### SOURCE INFORMATION
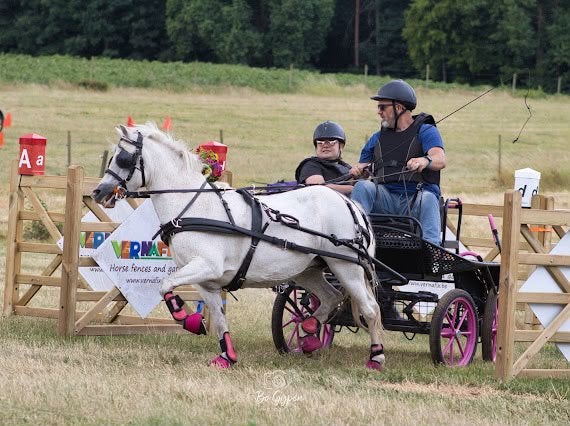 Brave welsh pony, Dieren en Toebehoren, Pony's, Merrie, Met stamboom, Niet van toepassing, B pony (1.17m tot 1.27m)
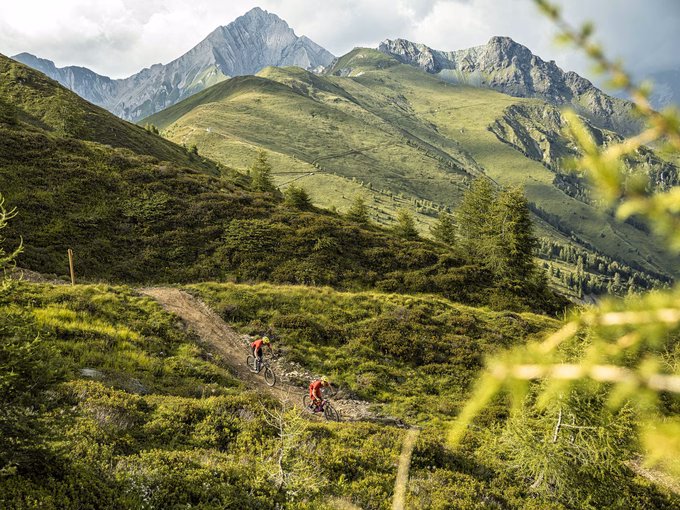 Mountainbiker sind auf Trail durch Almwiesen unterwegs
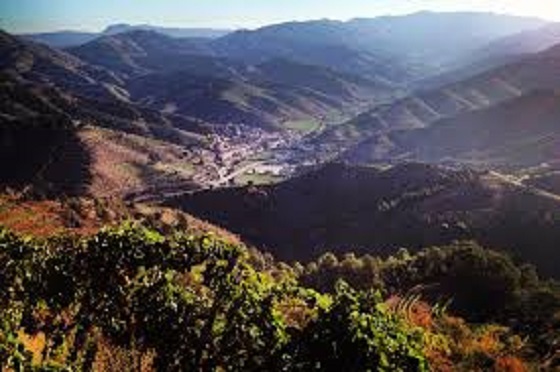 Saturday Tasting Series: The new Priorat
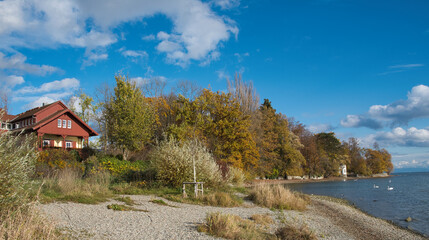 Wall Mural - Herbst am Ufer des Bodensees bei Konstanz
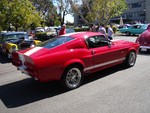 Cool Mustang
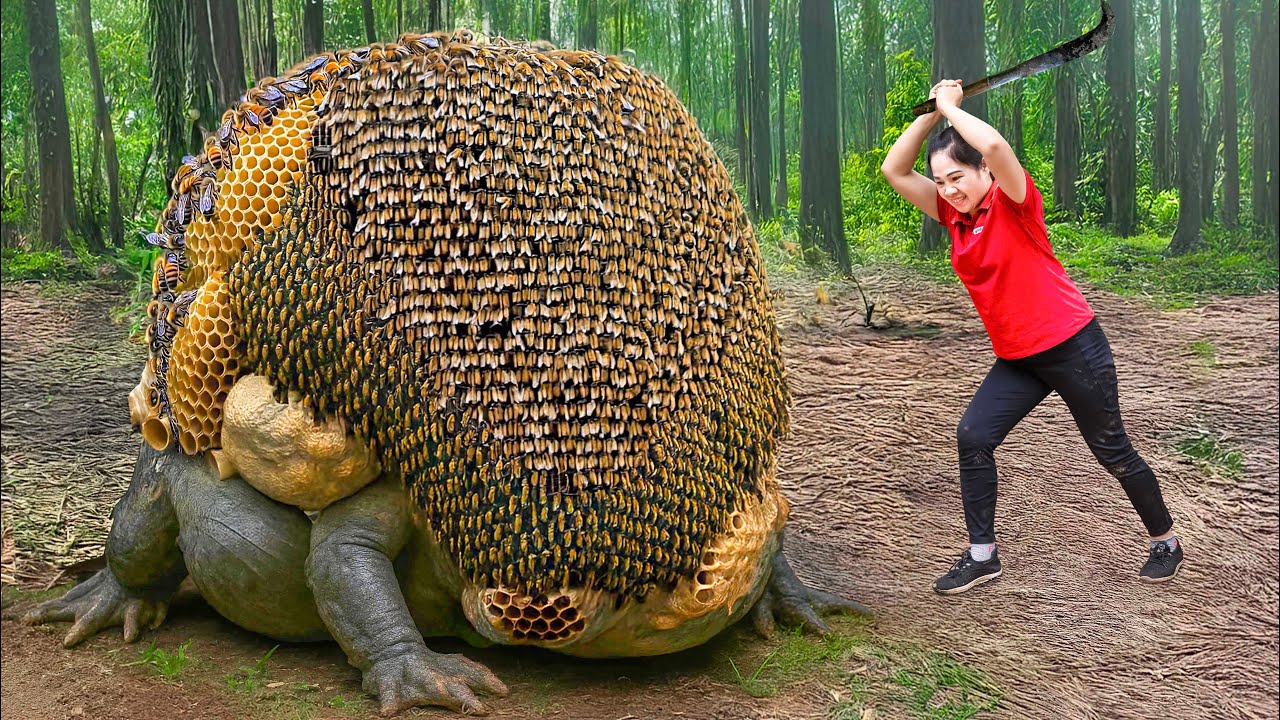 Harvesting Forest Honeycomb Yam & Go to Market Sell | Billion bees chose the yam tuber a their home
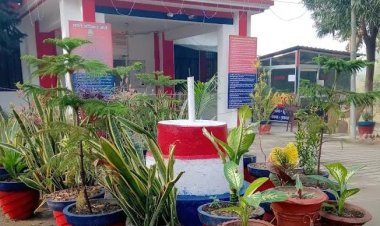 अज्ञात वाहन की टक्कर से ट्राली चालक की मौत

### WORK TO COMPLETE
Leaving out any images, restate every record word for word.

### EXERCISE ANSWER
 Brave welsh pony, Dieren en Toebehoren, Pony's, Merrie, Met stamboom, Niet van toepassing, B pony (1.17m tot 1.27m)
 Mountainbiker sind auf Trail durch Almwiesen unterwegs
 Saturday Tasting Series: The new Priorat
 Wall Mural - Herbst am Ufer des Bodensees bei Konstanz
 Cool Mustang
 Harvesting Forest Honeycomb Yam & Go to Market Sell | Billion bees chose the yam tuber a their home
 अज्ञात वाहन की टक्कर से ट्राली चालक की मौत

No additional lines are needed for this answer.